To be playful is to let go; it is to seduce and to be seduced, though perhaps in a small way. Finally, solemnity is the virtue from which we may someday perish, while playfulness is the vice that may yet redeem us.
—Crispin Sartwell, Obscenity, Anarchy, Reality (1996)
Playful is light-hearted, or light of heart.
It means jumping up because you can.
It means embracing the slight uncertainty of landing because nothing can be certain anyway.
It means reaching for the stars and grabbing handfuls of air because air is what we need, anyway, to breathe.
Sartwell is radical: he’d have you dancing outside, open to life’s thunderstorms as well as to its rainbows, keeping it real, rather than escaping into (or exploring) the “safe” worlds of science-media-literature, which keep raging life at a distance from the coziness of your protective cocoons. His book aims towards affirmation of what is, precisely as it is, with the end goal of having you love the world as it is, rather than as it ought to be. That means accepting you’re addicted or accepting that your friends are unpleasant, if that’s the case, or accepting that you’ll never learn a foreign language or own a penthouse; that also means accepting that you have little control over your dealings with the world, and that rather than living in imaginary alternative realities where you’re some princely other, you ought to make the best of your lot immediately, as it stands now.
Aptly, Sartwell acknowledges the paradoxical nature of his suggestion on page one: his book says you ought to affirm the world unconditionally, though he categorically stands against anything that ought to be. His is the starting quandary: there ought to be no oughts. On a more fundamental level, Sartwell wrote a book which requires extensive rumination before its core ideas could be applied, and that rumination, in turn, requires removing yourself from the turbulent outside world for a while (not to mention a general literacy acquired by years of such removal). He essentially wants you to withdraw to the safe world of his book, which will tell you not to withdraw to the safe world of books.

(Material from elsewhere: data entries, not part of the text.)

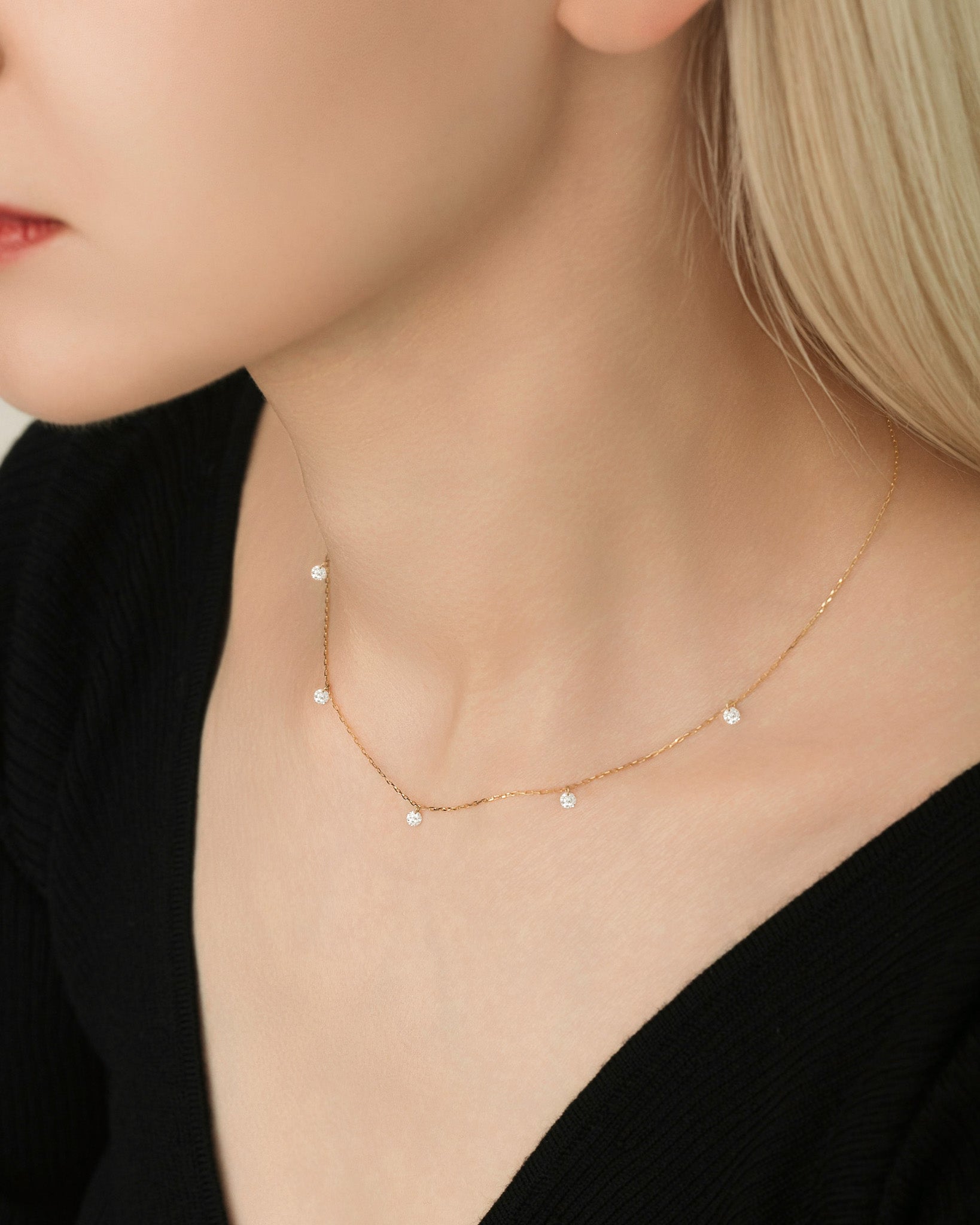Bare ステーション ネックレス 0.4ct – BANYAN （バンヤン）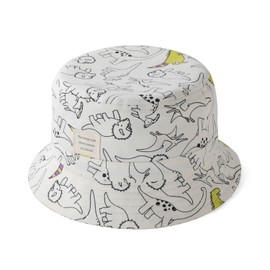 Naru Dinosaur Hat, Bucket Hat, For Kids, Parent and Child, Matching Pair, Men's, Women's, Boys, Girls, Children, Sun Protection, Sun Protection, Cute, Stylish, Wide Brim, Foldable, Outdoors, Spring,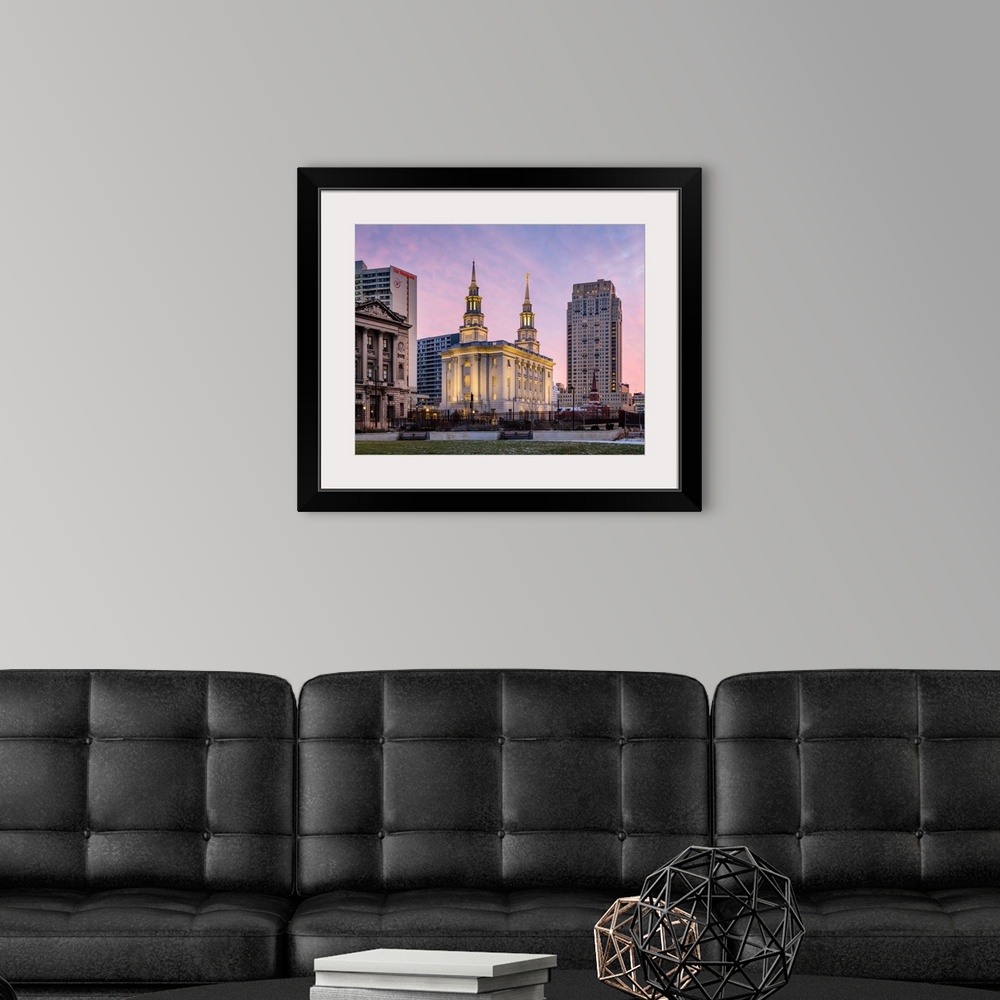 A modern room featuring Located in the bustling city of Philadelphia, the Philadelphia Pennsylvania Temple was announced ...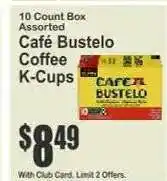 Key Food Café Bustelo Coffee K-Cups offer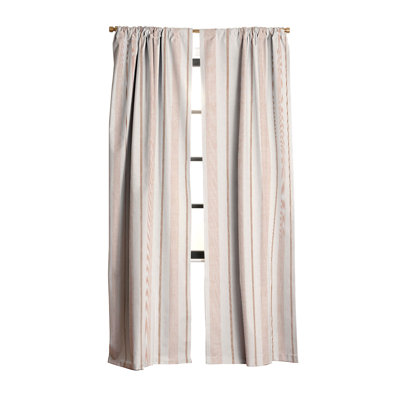 Rideau occultant Little Arrow Design Co ivy rayures (1 panneau)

This paradox is ancient. Plato’s condemnation of the written word, delivered through the mouth of Socrates in Phaedrus, is similarly strange when you consider that Plato was such a prolific writer himself, and one which chose to deliver his condemnation in written form.
The best paradoxes serve as irritants that prod us into resolving them—as best we may—so that our level of self-knowledge is increased as a result. Or perhaps I should say, the best paradoxes are such great toys.